**To do**. Print out every line of the material exactly. Include no pictures.

**Data below**.
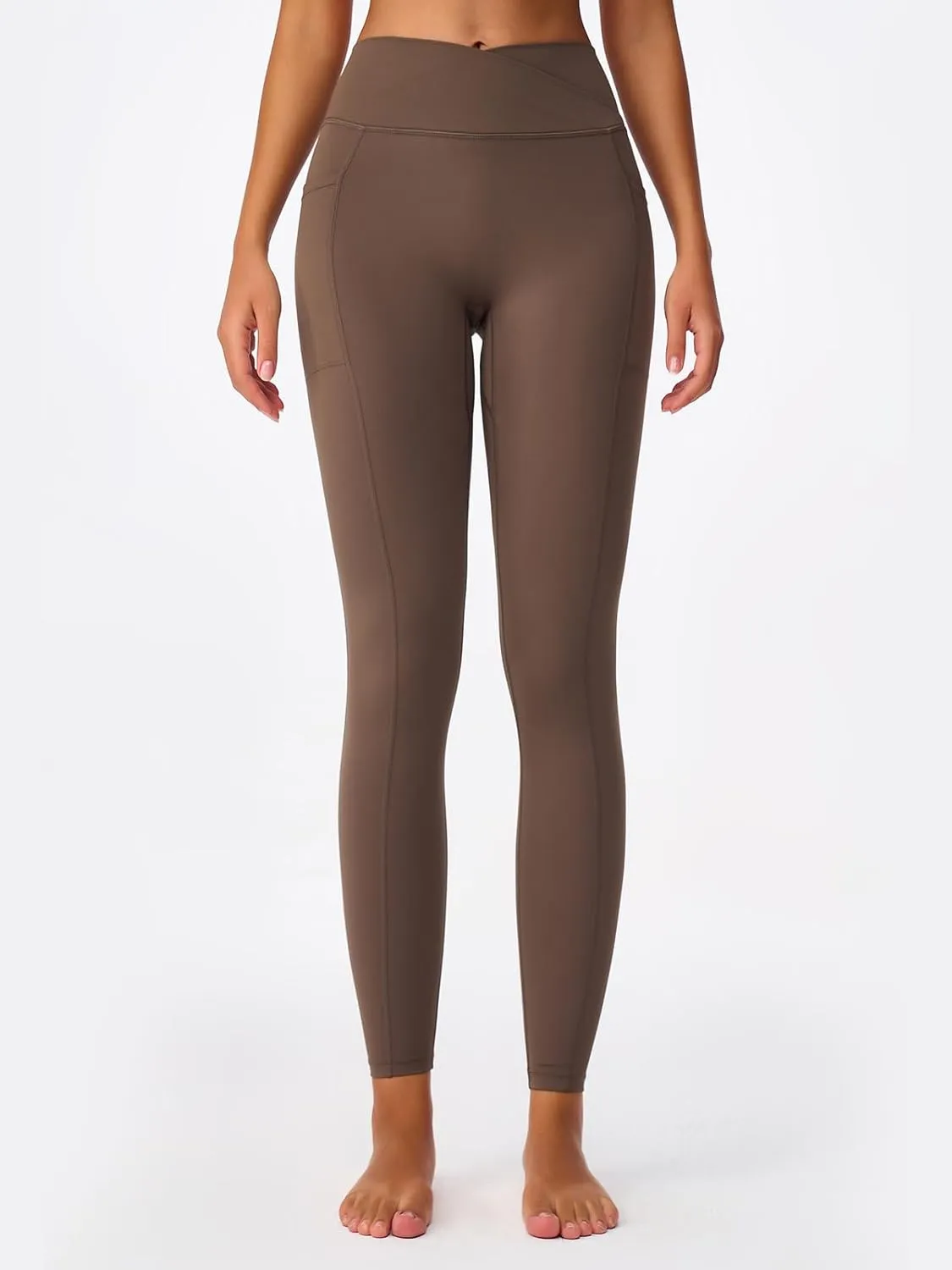 Leggings for Tall Slender Women Cross Waist Compression Leggings Athletic Workout High Waisted Running Pants Pockets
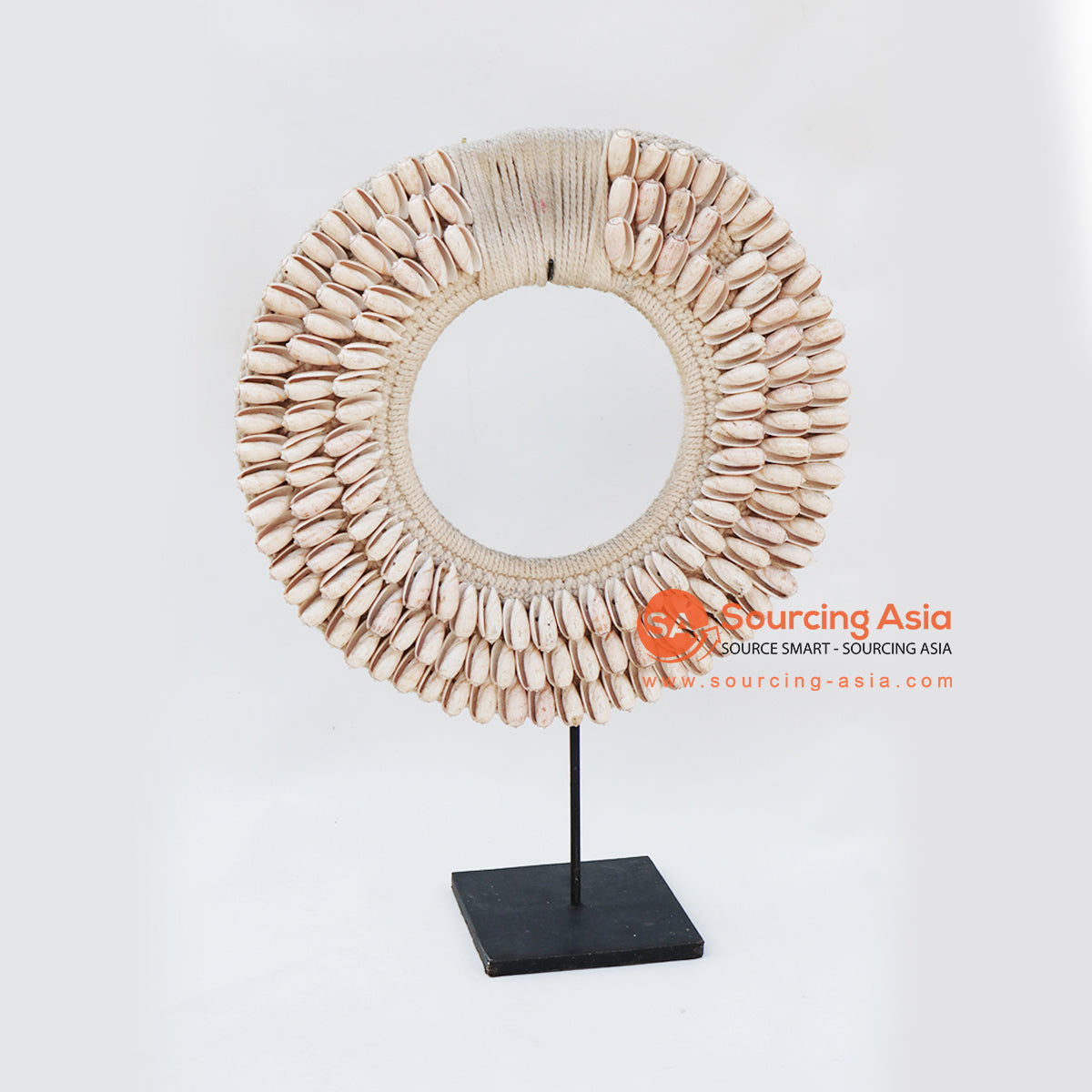 KNTC091 NATURAL SHELL COMBINATION PAPUA TRIBAL STYLE NECKLACE ON STAND DECORATION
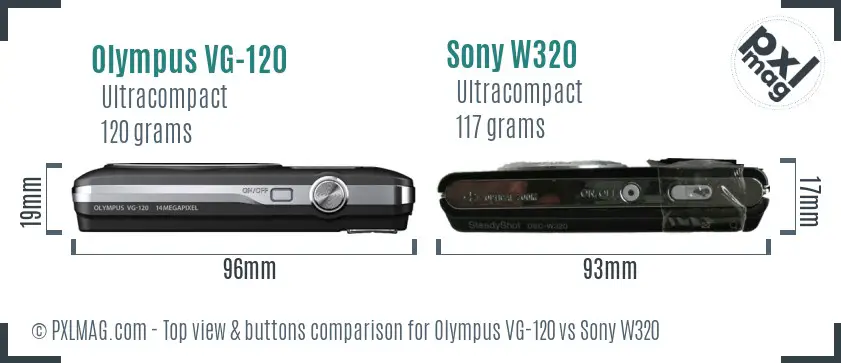 Olympus VG-120 vs Sony W320 top view buttons comparison
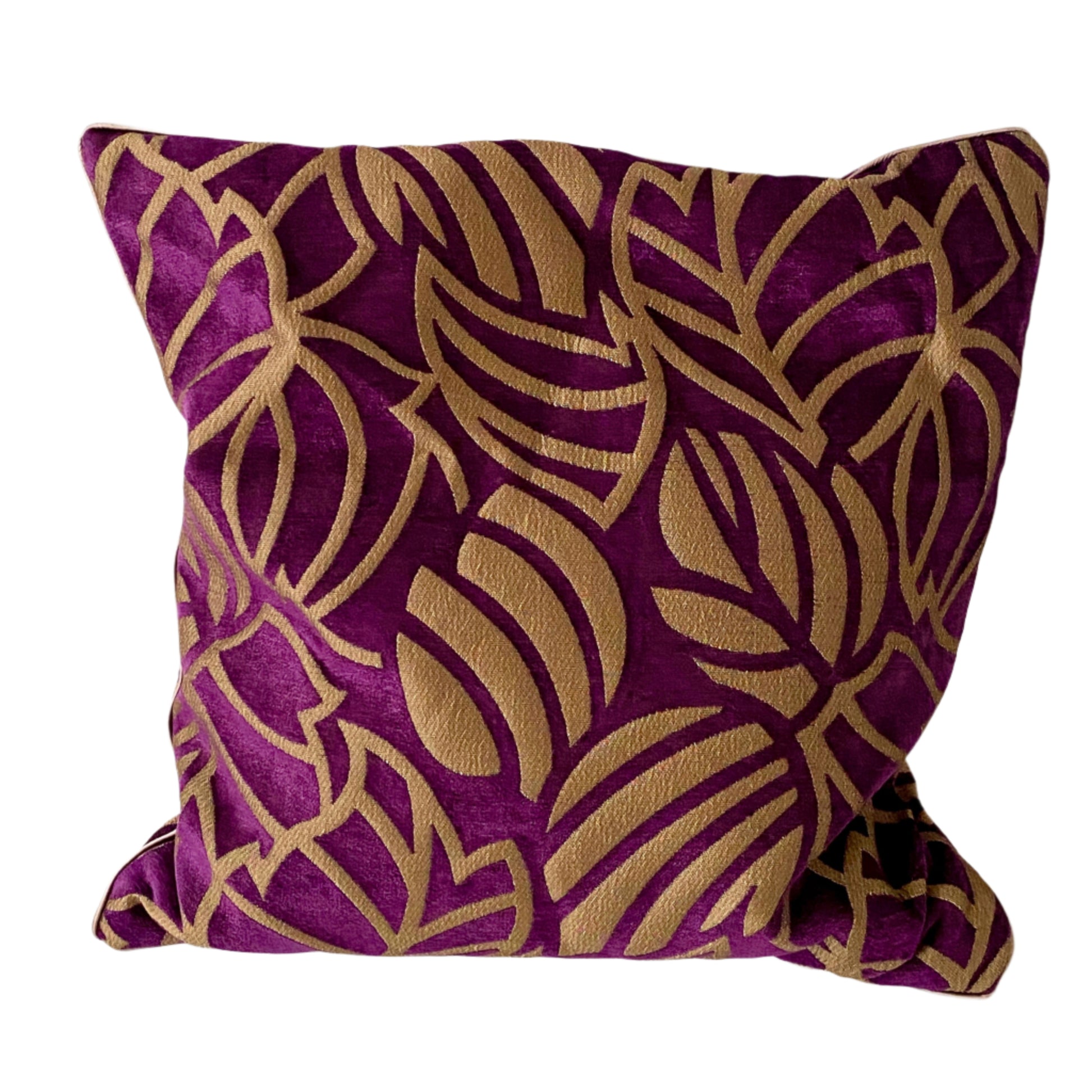 Mix fibres purple colour cushion cover with silk piping and invisible zip closure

**Response to the task**.
 Leggings for Tall Slender Women Cross Waist Compression Leggings Athletic Workout High Waisted Running Pants Pockets
 KNTC091 NATURAL SHELL COMBINATION PAPUA TRIBAL STYLE NECKLACE ON STAND DECORATION
 Olympus VG-120 vs Sony W320 top view buttons comparison
 Mix fibres purple colour cushion cover with silk piping and invisible zip closure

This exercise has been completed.